Thursday, May 10, 2007

Read the whole thing

Patrick Cockburn (pronounced “Coh-burn”) has a well argued essay reprinted at the increasingly indispensable www.Tomdispatch.com.

Cockburn makes a number of points that the “get out now” crowd finds persuasive. There is a chasm in understanding and assumption separating the “out nowsies” from the “we owe it to the Iraqis to stayers” that may or may not agree with the decision to invade, but believe its the American way to stick around and set things right.

First, Cockburn notes that the majority of Iraqis do not want U.S. soldiers in Iraq, increasingly support violent attacks on U.S. troops and increasingly believe the U.S. holds the real governing power in Iraq. He also points out that the presence of U.S. forces worsens sectarian violence. In other words, the U.S. is making the violence worse by its very presence rather than better. Cockburn also touches upon the Bush Administration’s arguments; foreign fighters (Al Qaeda and Iran) are stirring up trouble in Iraq, our intents and motives are unquestionably good and should therefore be appreciated by Iraqis, and that Iraqis want us there to stabilize the situation.

These are empirical points and the Bush Administration’s key assumptions are all false. The only one really open to question is the first one, and on that score he is contradicted by his own intelligence and military. The presence of foreign fighters - not counting Americans and British as foreign fighters, of course – is a very small and insignificant part of the insurgency. Those that do exist are attacked by other Iraqi based factions and forced to adjust their mission from global jihad to Iraqi nationalism to gain any traction. The Iran weapons claim is dubious at best and as Cockburn documents, we have found several of weapons making factories in Iraq.

A recent poll in our military found that a substantial number of U.S. troops would not report fellow troops for stealing or torturing Iraqi citizens. A little ways to the east in that other American war, Afghanistan has protested vigorously the indiscriminate use of American bombs that has killed so many civilians and bystanders. American style war is big, mean, and dumb. Cruise missile nation building is like sculpting clay with a baseball bat. We tell ourselves that our bombs are smart, that we are meticulously cautious when it comes to civilian casualties, and our motives are what count whatever the outcomes of our actions.

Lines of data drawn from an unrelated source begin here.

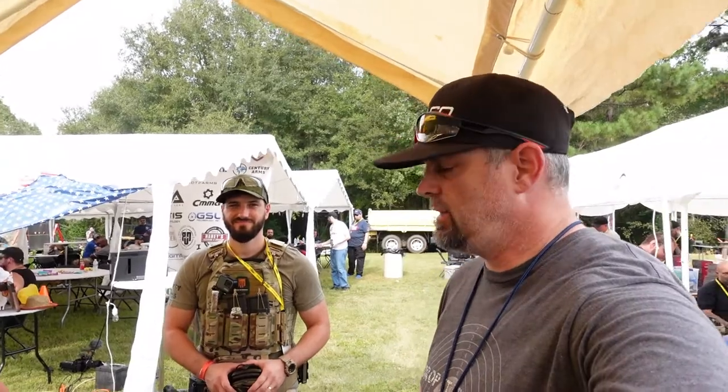Well, I appreciate it guys. I will leave a link in the description below where you guys can check this out. We are going to sign off. I appreciate you, thank you so much.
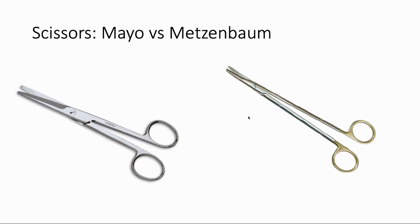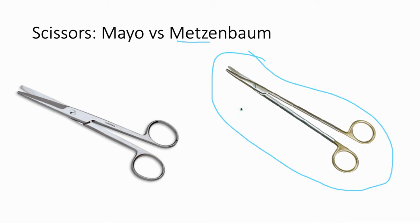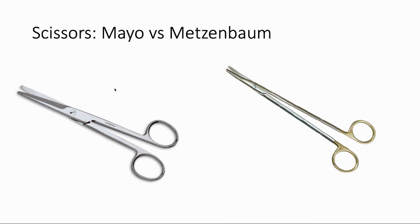Scissors. As a medical student you'll mostly be dealing with Mayo scissors — over here on the left — with blunter tips, hardier scissors, great for cutting sutures and heavy-duty things. The Metzenbaum scissors, often referred to as just Mets, are more delicate scissors used for very fine dissection and lysis of adhesions. Your scrub tech will probably get angry at you if you use these fine scissors to cut suture and dull them — you want to use the heavy Mayos for something like that.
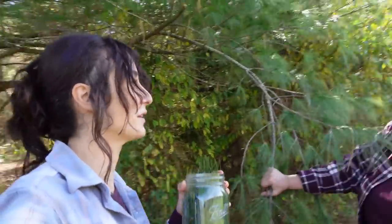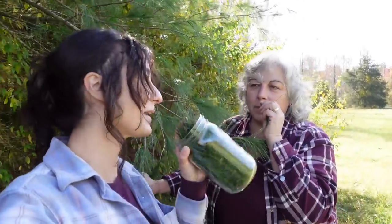It smells really, really good. It's like Christmas — it's almost got a lemony quality. Yeah, it's beautiful.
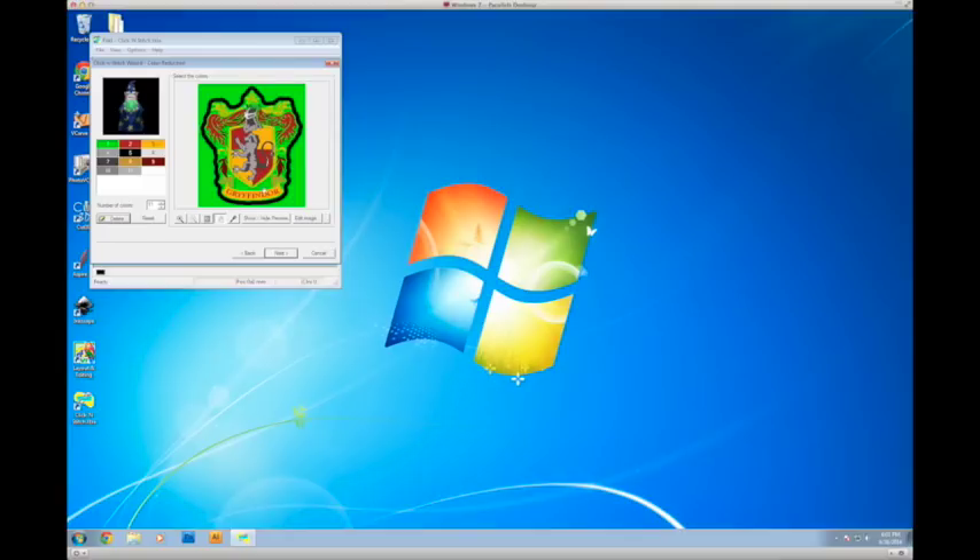This is the part where it automatically splits up all the colors and figures out how it's going to cut it out. I leave number one — the big background color — because the next step will automatically detect it as the background and remove it. It's got quite a few grays here, but I really only want a light gray and a dark gray, so I'm going to get rid of the extra grays by selecting them and hitting delete. That lighter gray adds a little to the helmet and paws, but not enough to hassle with changing thread for.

These are narcissistic vanities that matter only to us. At the street level, when a 1,000 pound laser guided bomb lands on your apartment building and kills your neighbors, it feels about the same as a Toyota Datsun rigged with explosives - no matter who is setting it off. Things apparently look a little different from the other side of the gun barrel.

As an aside: I know I keep promising to quit blogging and I really am going to kick it some point soon unless I can reinvent myself. Everything being superfluous at this point and simply linking to other articles with the diktat to “read the whole thing” is the bottom of the blog barrel, of which I am obviously starting to scrape. Hey, there is only so much a fairly ordinary 28 year-old can have to say about the world.

2 comments:

cyan said...

You should start watching Lost.




(sorry, you set me up so well I had to ;)

Brian said...

I don't comment very often, but I think your writing is very clear, very well-thought out. If you have the time, I think you do bring a clear voice to the issues.